Beim Zeichnen verbannt Bernd Nestler jeden Gedanken aus dem Kopf und überlässt der Hand mit dem Stift die Führung. Was dabei in wenigen Sekunden entsteht und Bestand hat, wird später weiter bearbeitet und auf der Rückseite mit Titel und Signatur versehen.

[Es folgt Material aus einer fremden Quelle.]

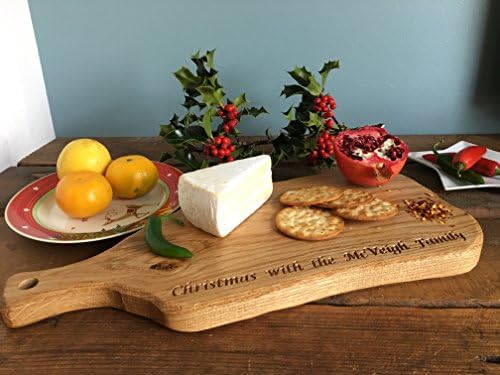 Personalised Handmade Character Oak Serving/Chopping/Cheese Board. Last Orders for PRE Christmas DELIVERY are Friday 11th December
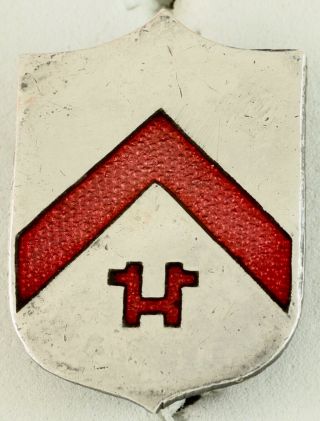 414th Field Artillery Battalion Crest Di/dui Screwback German Made (wiedman)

Eine weitere künstlerisch plakative Überformung erhalten einige der Bilder durchs Abfotografieren. Nestler hat dafür eine völlig eigene Vorgehensweise entwickelt, die er nur andeutungsweise verrät. Mit dieser Arbeitsweise, Lichtmaltechnik genannt, inszeniert er aus seinen Zeichnungen kraftvoll leuchtende bizarre Farben- und Formverläufe. Nestler hat mit dieser „Licht_Art" eine neue Ausdrucksform gefunden, mit der er die Verletzlichkeit der menschlichen Seele in einem unerwarteten Lichtspektrum zum Vorschein bringen will. 2024 stellt er die Arbeiten in einer Galerie in Bad Kötzting aus.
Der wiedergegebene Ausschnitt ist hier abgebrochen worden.